Пример Андерсена отнюдь не исключителен: все неврозы стариков берут начало в их детстве или юности.
Нетрудно понять, почему они так охотно поворачиваются к своему детству: потому что оно владеет ими. Они узнают себя в нем, ибо — даже если однажды они и попытались его позабыть — оно никогда их не покидало. Есть и другая причина: существование утверждает себя через трансценденцию. Но — особенно в глубокой старости — эта трансценденция наталкивается на смерть. Старик пытается заново утвердить свое бытие, опираясь на свое рождение — или по меньшей мере на первые годы жизни. Союз детства и старости, который мы отметили на социологическом уровне, оказывается внутренне пережит и самим человеком. На пороге смерти он узнает себя в младенце, выходившем из небытия.

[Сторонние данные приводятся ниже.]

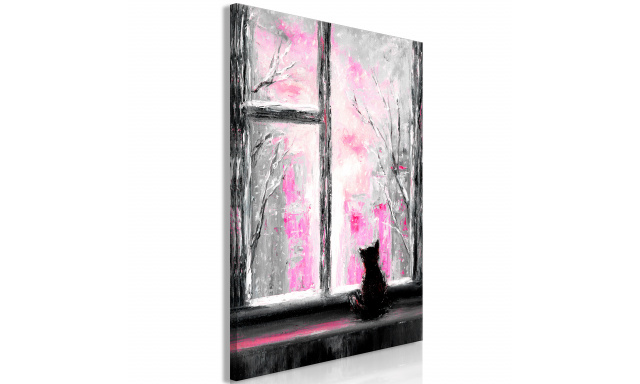 Obraz - Longing Kitty (1 Part) Vertical Pink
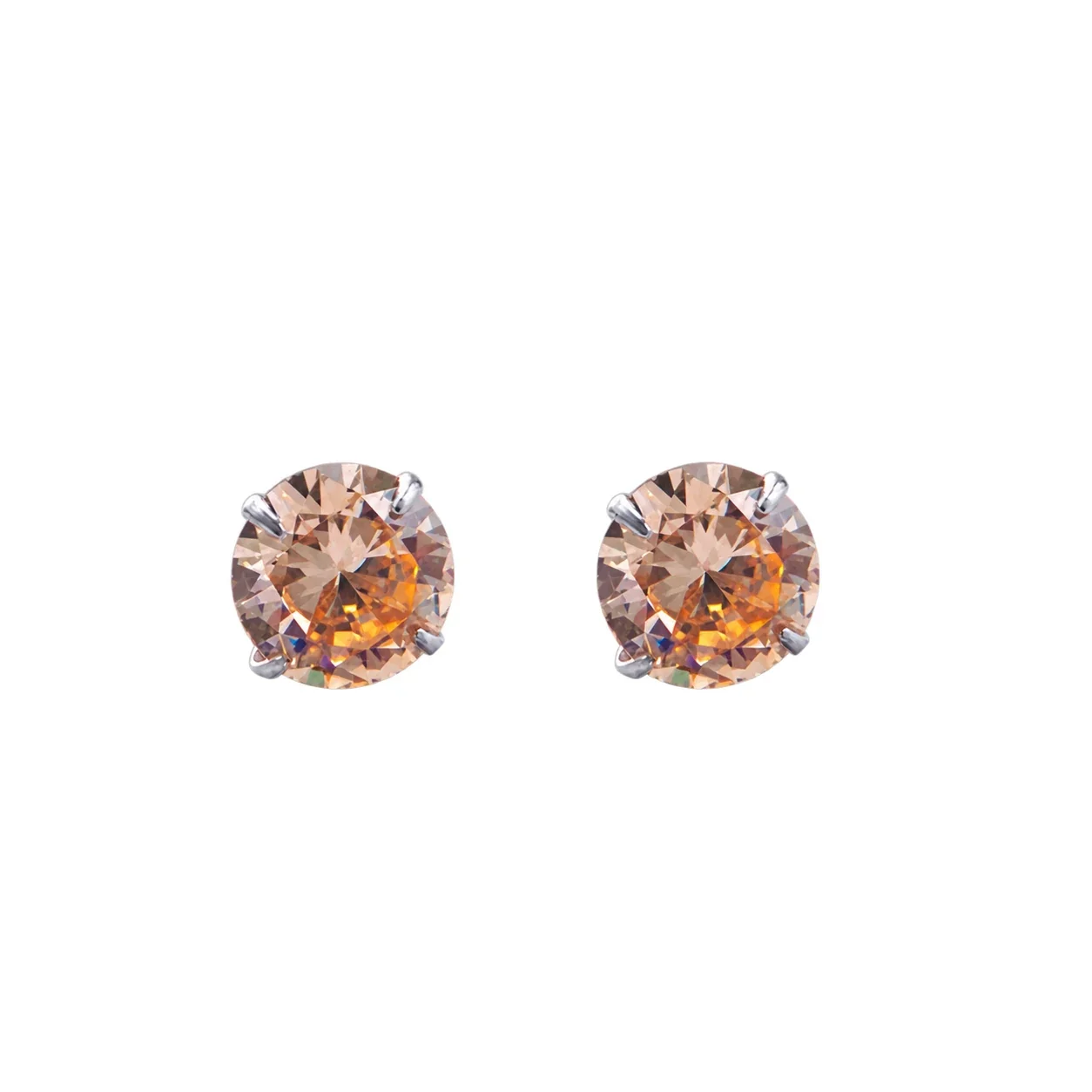 Vivid Round Four-Prong 925 Sterling Silver Stud Earrings - Champagne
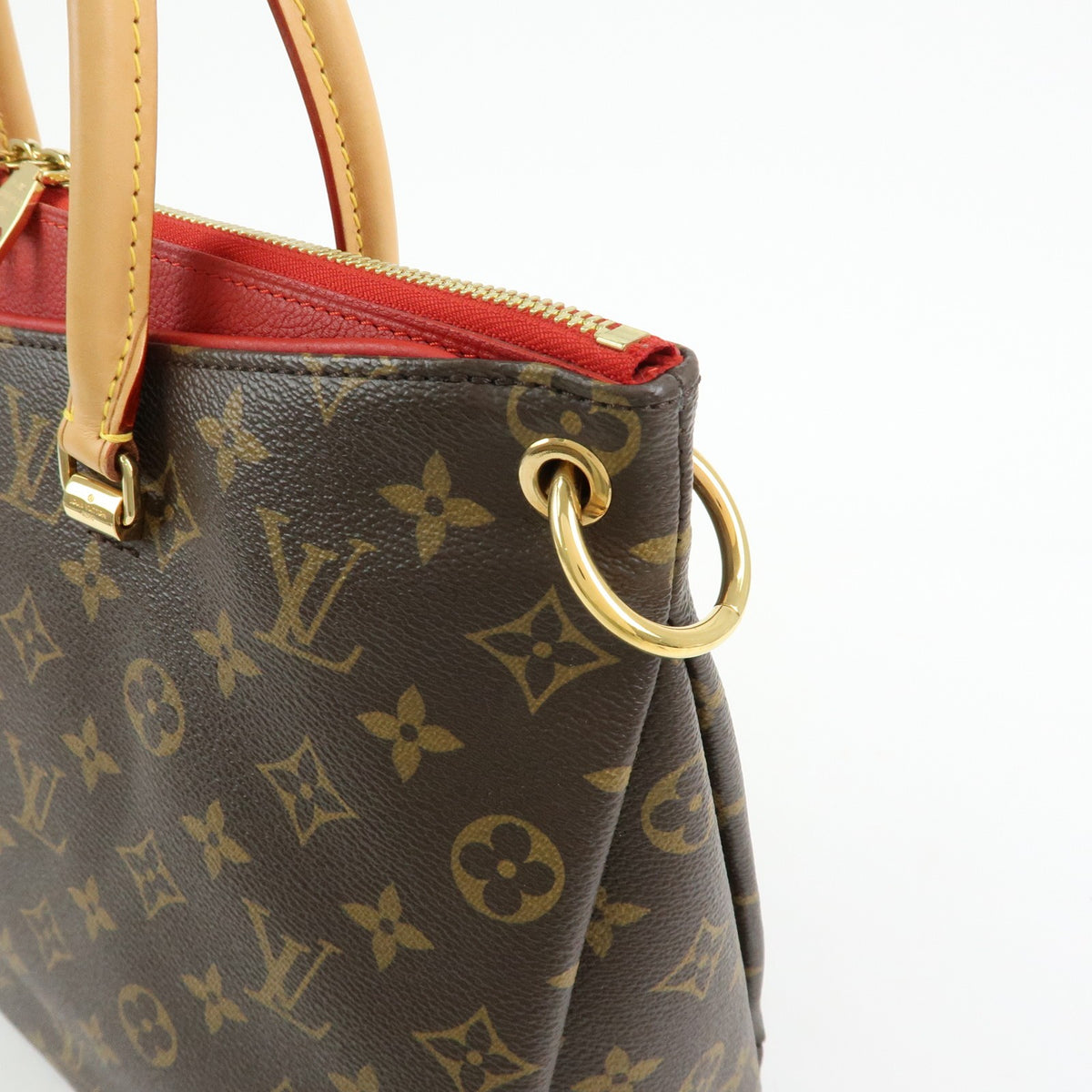 Louis Vuitton Pallas Monogram Canvas With Leather Brown Canvas Tote Bag Bag (Pre-Owned)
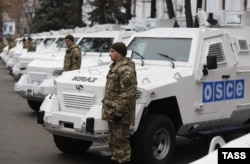 A November 13 ceremony to hand over armored vehicles for the OSCE to use in its monitoring mission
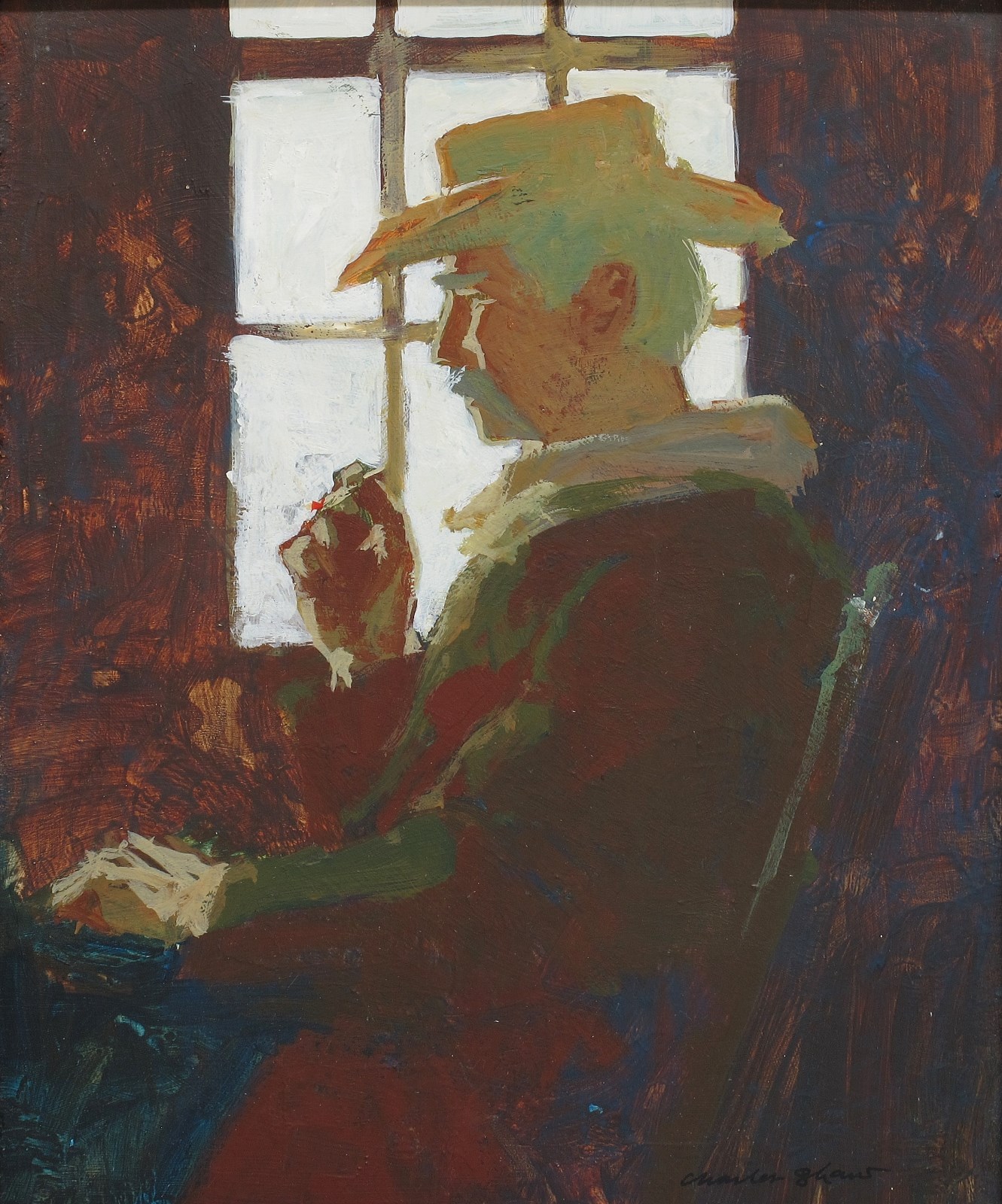 CHARLES SHAW (Texas, 1941-2005) Oil Painting — «Cowboy» (1971)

Теперь становится понятно и то, почему бедность воспоминаний, которыми располагают пожилые люди, не сбивает их с толку. Они не стремятся заново рассказать себе историю своих первых лет жизни подробно и связно — они хотят вновь в них окунуться. Они пережевывают одни и те же эмоционально значимые для них темы; это однообразие не утомляет их, ведь в нем они обновляются. Они убегают от настоящего, грезят о былом счастье, припоминают старые беды. Одна женщина 86 лет поделилась со мной, что каждый вечер, едва ложась в постель, она без конца пересказывает себе сцены из раннего детства — и это приносит ей неиссякаемую радость.
Пожилой человек внутренне усваивает свое прошлое в образах, фантазмах, эмоциональных установках. Но он зависит от прошлого и по-другому: не что иное, как прошлое, определяет его нынешнюю ситуацию и то, как она открыта к будущему; оно данность, из которой он себя проецирует и которую он должен преодолеть, чтобы существовать. Это верно в любом возрасте. Я получаю от прошлого и телесные автоматизмы, и культурные инструменты, которыми пользуюсь, — свои знания и свои неведения, отношения с другими, дела, обязанности. Всё, что я сделала, было забрано прошлым, превратилось в нем в овеществленное — в то, что Сартр называет практико-инертным, то есть в совокупность вещей, несущих на себе след человеческой деятельности, и людей, определяемых через свою связь с этими вещами; для меня практико-инертное — это все книги, которые я написала и которые теперь существуют вне меня как нечто завершенное, определяющее меня как их автора: «Я — это то, что я сделал и что, отделяясь от меня, сразу же превращает меня в другого»[200]. Каждый человек через индивидуальный праксис осуществляет собственную объективацию в мире, тем самым отчуждая себя в нем. Там же он создает себе интересы.